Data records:
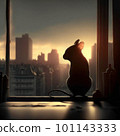 little mouse silhouette looking at city view with morning light standing on high building city skyline. Sunset scene. generative AI 101143333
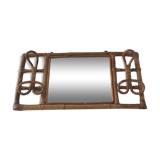 Porte manteau en rotin avec miroir, années 60
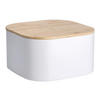 Zeller Brotkasten weiß Stahl B/H/L: ca. 27x15x27 cm Brotkasten_mit_Bambusdeckel - weiß (27,00/27,00/15,00cm) - Zeller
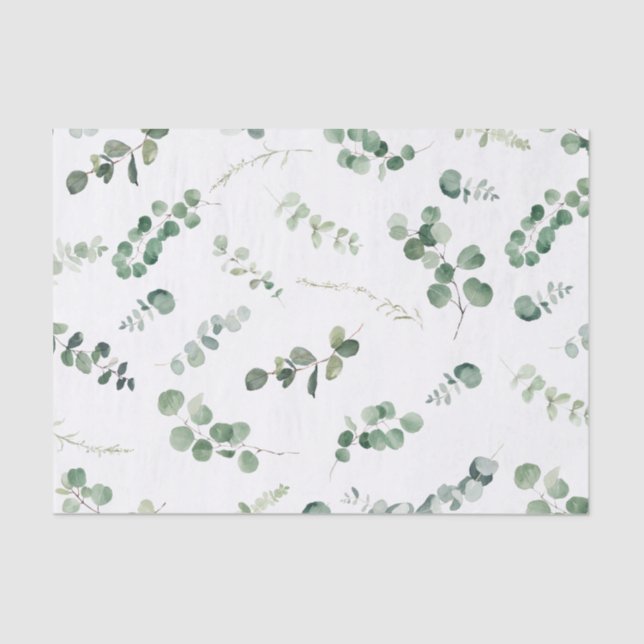 Greenery Eucalyptus Green Leaves Decoupage Craft  Tissue Paper (Front)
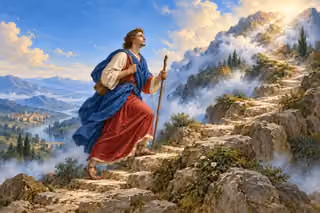 Raphael-inspired painting of a pilgrim climbing a rocky hillside through blue mist toward the light.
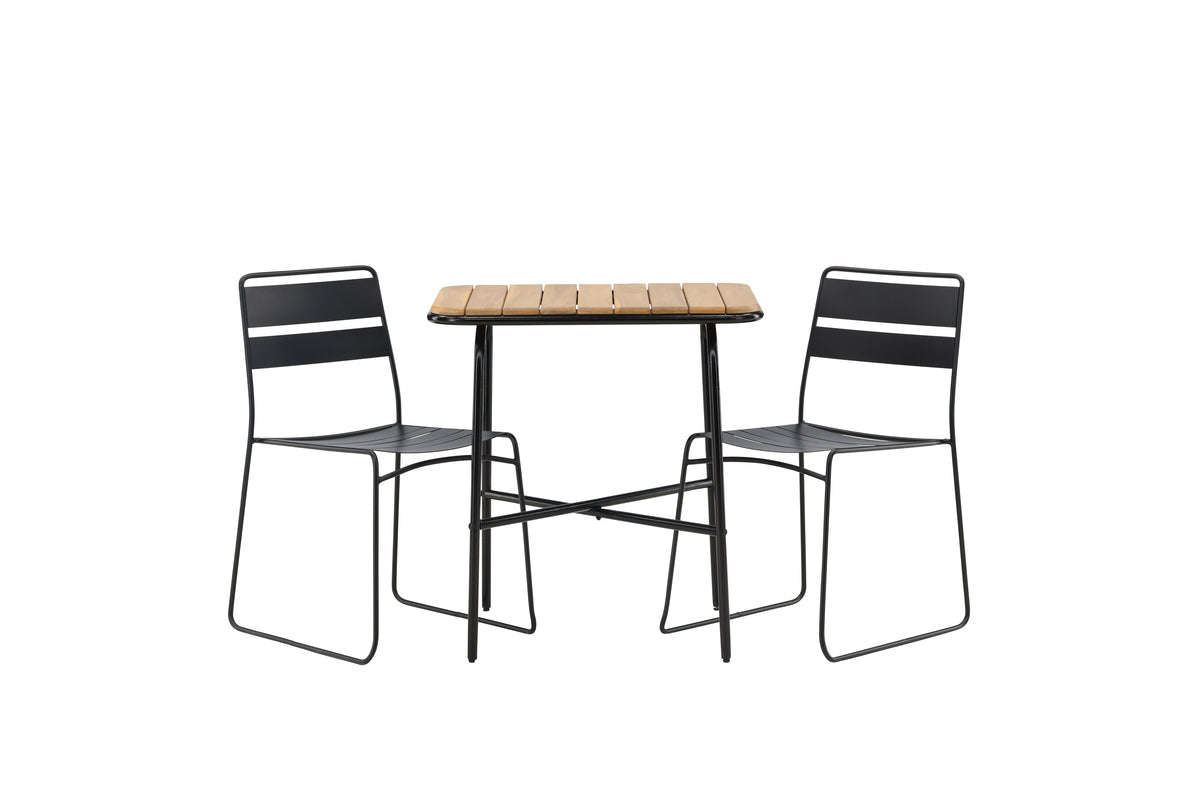 Matstolar 2-pack Svart + Cafebord 74 x 70 x 88 Natur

Instructions to follow: Give again, word for word, the lines above from the first one through the one containing "Zeller Brotkasten weiß"; no pictures.

Exercise response:
 little mouse silhouette looking at city view with morning light standing on high building city skyline. Sunset scene. generative AI 101143333
 Porte manteau en rotin avec miroir, années 60
 Zeller Brotkasten weiß Stahl B/H/L: ca. 27x15x27 cm Brotkasten_mit_Bambusdeckel - weiß (27,00/27,00/15,00cm) - Zeller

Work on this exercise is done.